- Action item:
Going from the line that contains "Mercedes-Benz GLE 350" through the last line of the records, set down each line again exactly, both included, with pictures left out.

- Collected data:
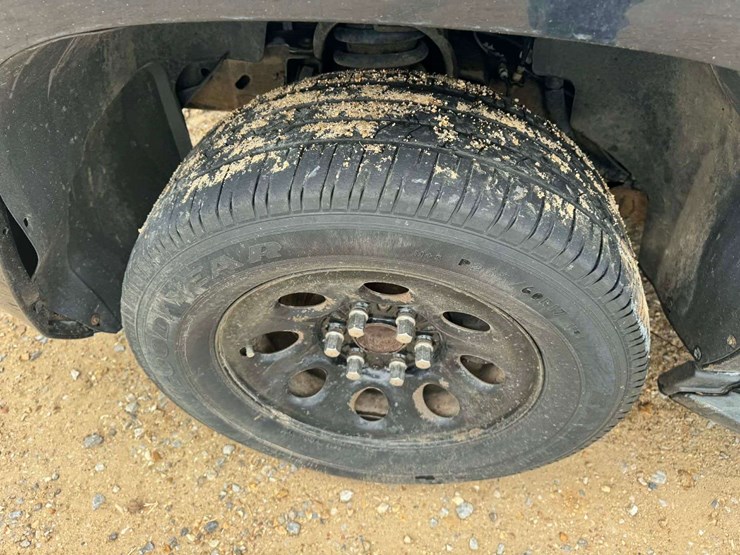 2009-chevrolet-tahoe-image-17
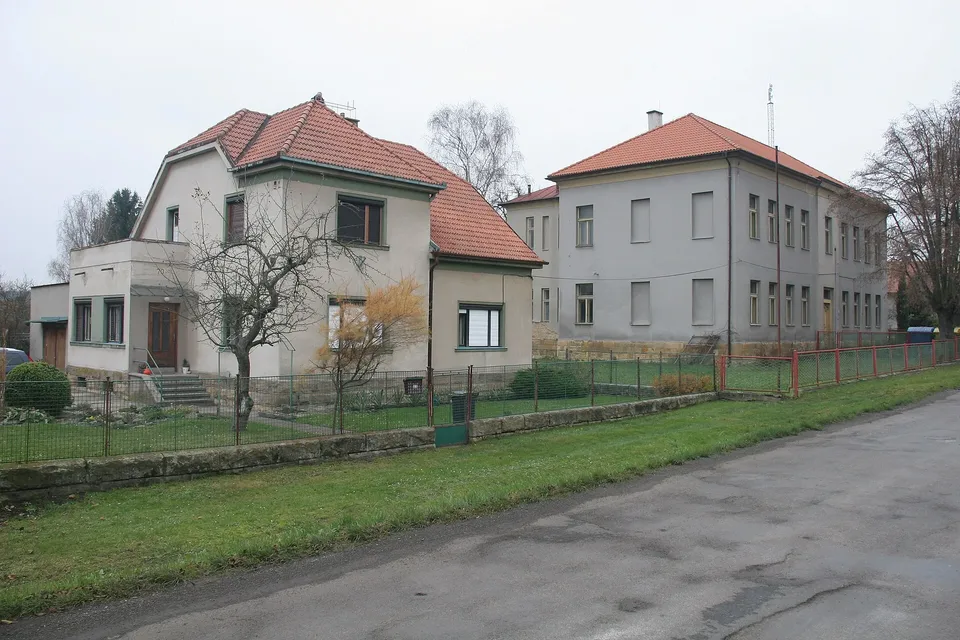 Bývalá škola v Mlýnci
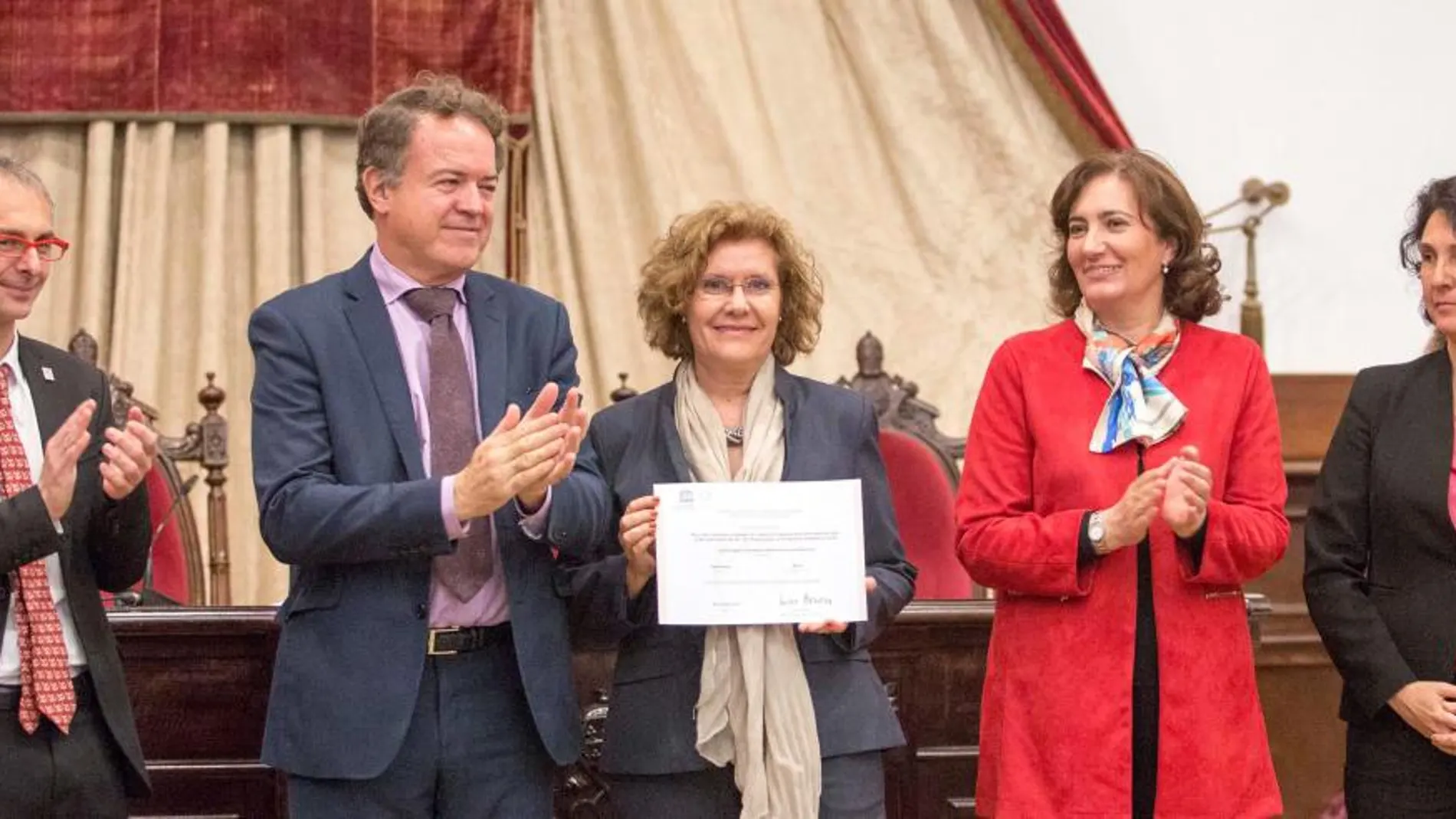 Margarita Becedas, responsable de la biblioteca de la Usal, recibe el diploma, en presencia de Rivero, Luis Lafuente, García-Cirac y Mar Siles.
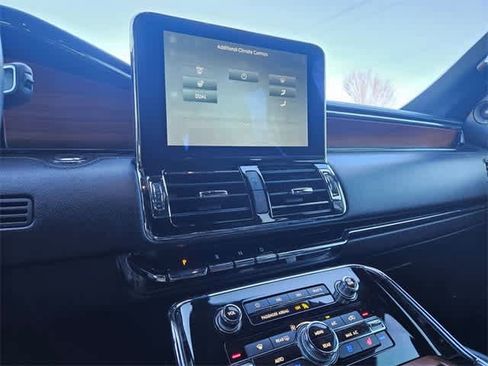 Used 2019 Lincoln Navigator L Reserve image 30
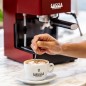 Machine à café espresso CLASSIC E24 CHERRY RED GAGGIA RI9481/12 + 1 Kg de café moulu OFFERT Machine à café espresso CLASSIC E24 CHERRY RED GAGGIA RI9481/12 + 1 Kg de café moulu OFFERT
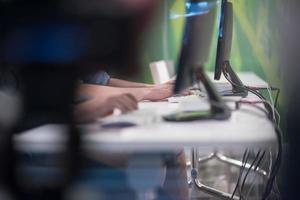 grupo de estudiantes de tecnología que trabajan en el aula de la escuela de laboratorio de computación foto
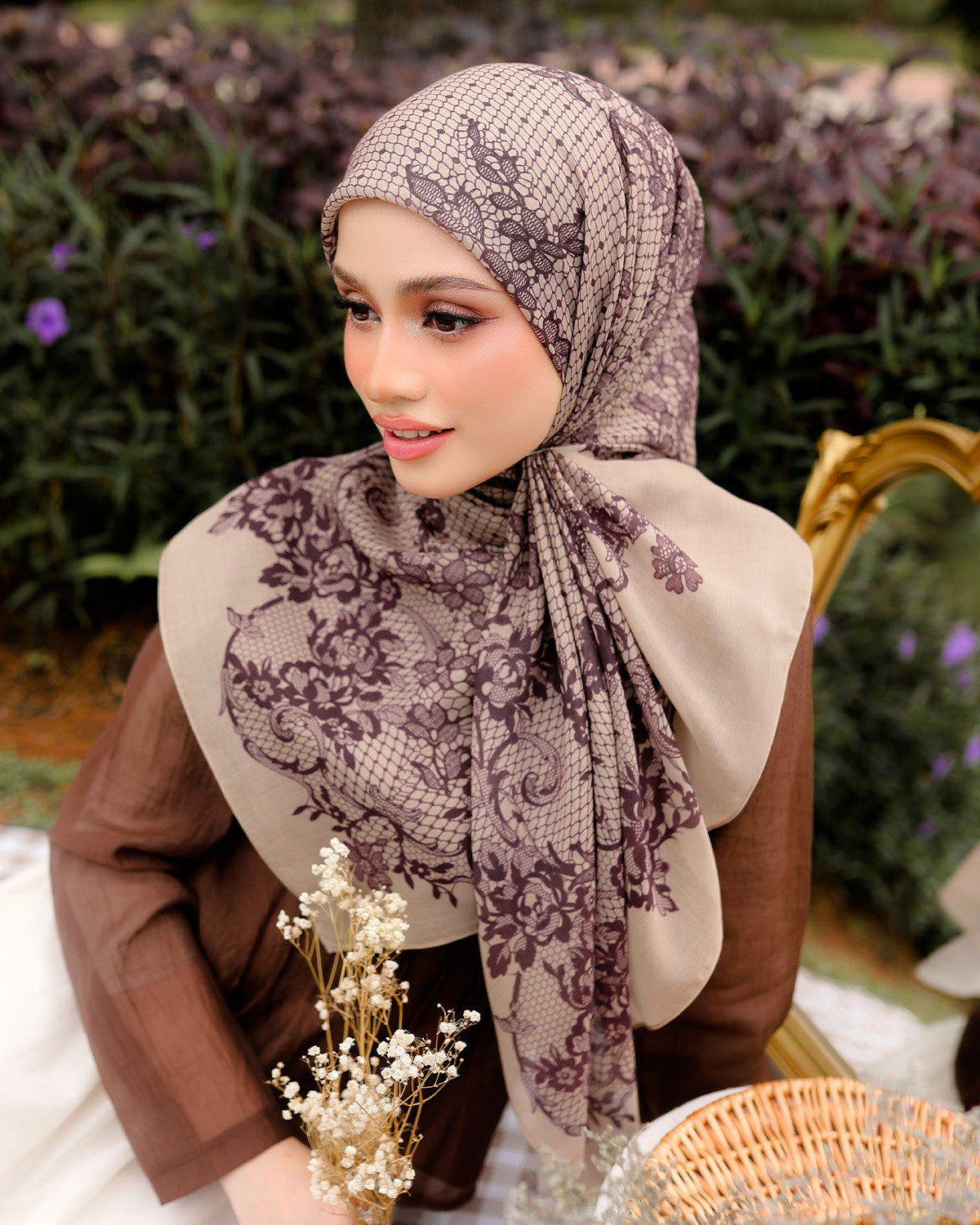 Lace in Cacao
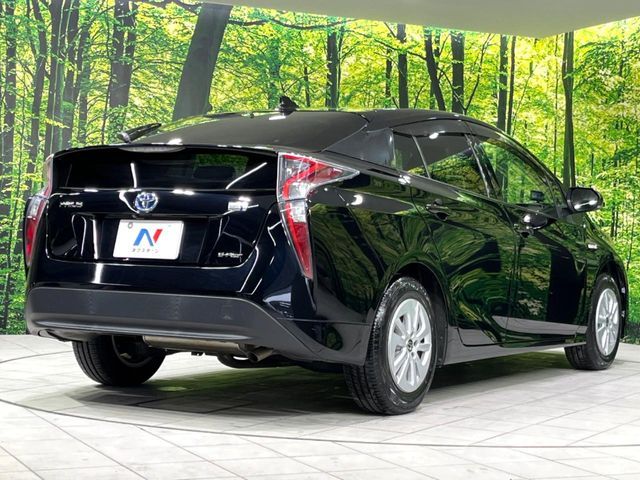 PRIUS 4WD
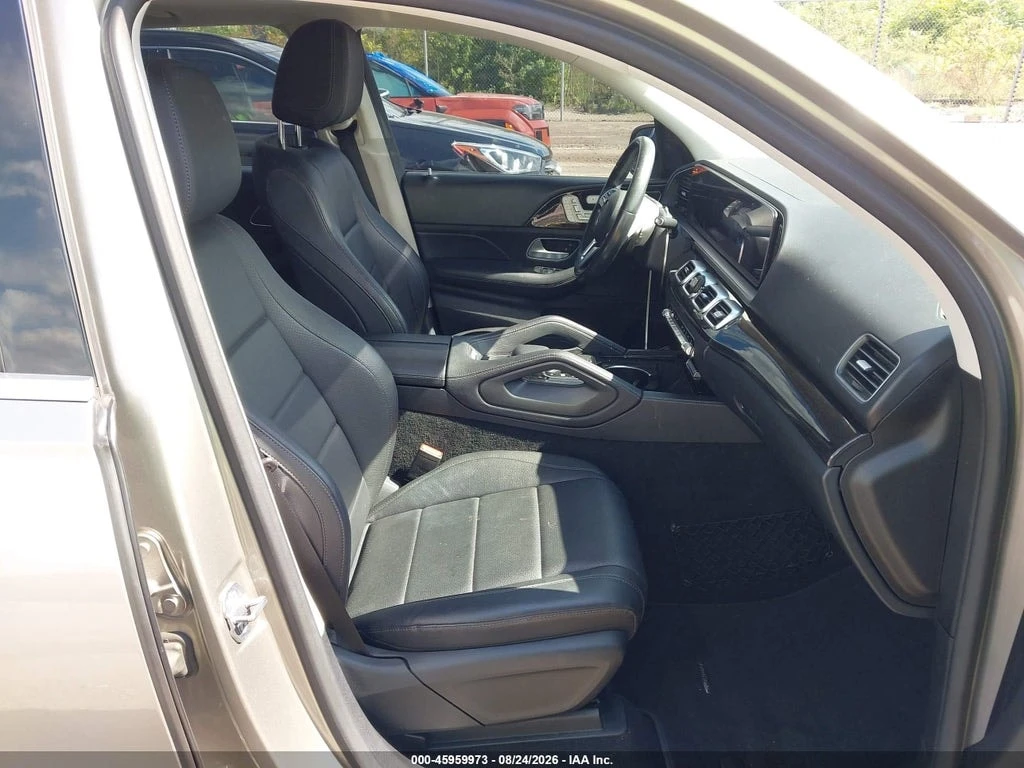 Mercedes-Benz GLE 350 * 4MATIC * CARFAX * ОПЦИЯ ЗА ФИНАНСИРАНЕ * , снимка 5 - Автомобили и джипове - 56084002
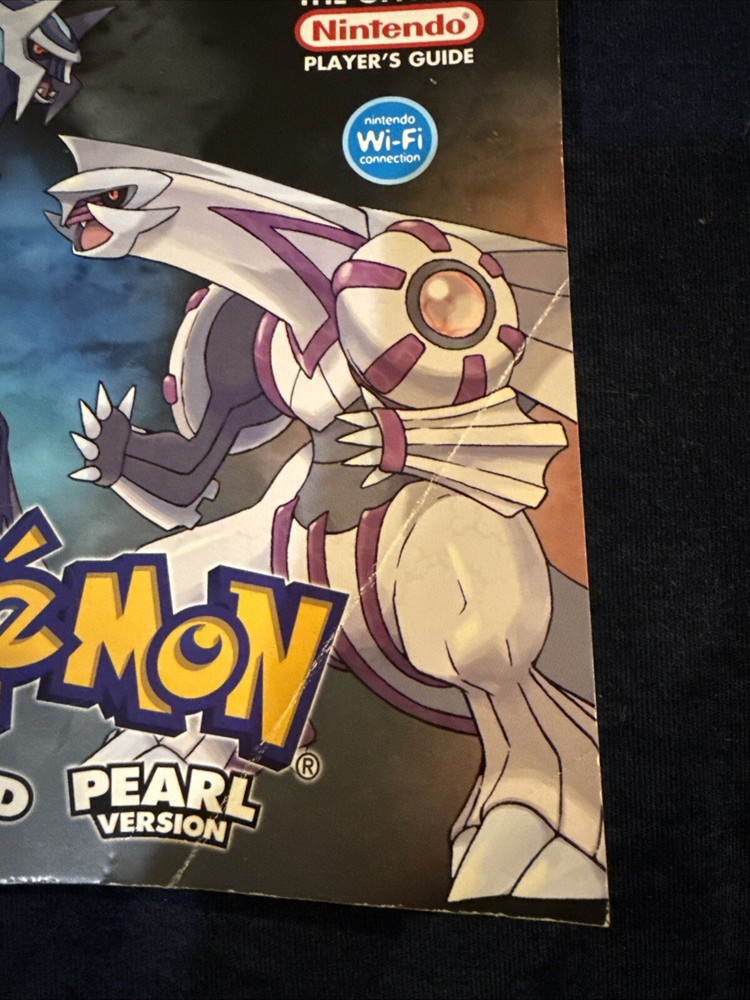 Pokemon Diamond & Pearl strategy guide With Poster Attached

- Expected answer:
 Mercedes-Benz GLE 350 * 4MATIC * CARFAX * ОПЦИЯ ЗА ФИНАНСИРАНЕ * , снимка 5 - Автомобили и джипове - 56084002
 Pokemon Diamond & Pearl strategy guide With Poster Attached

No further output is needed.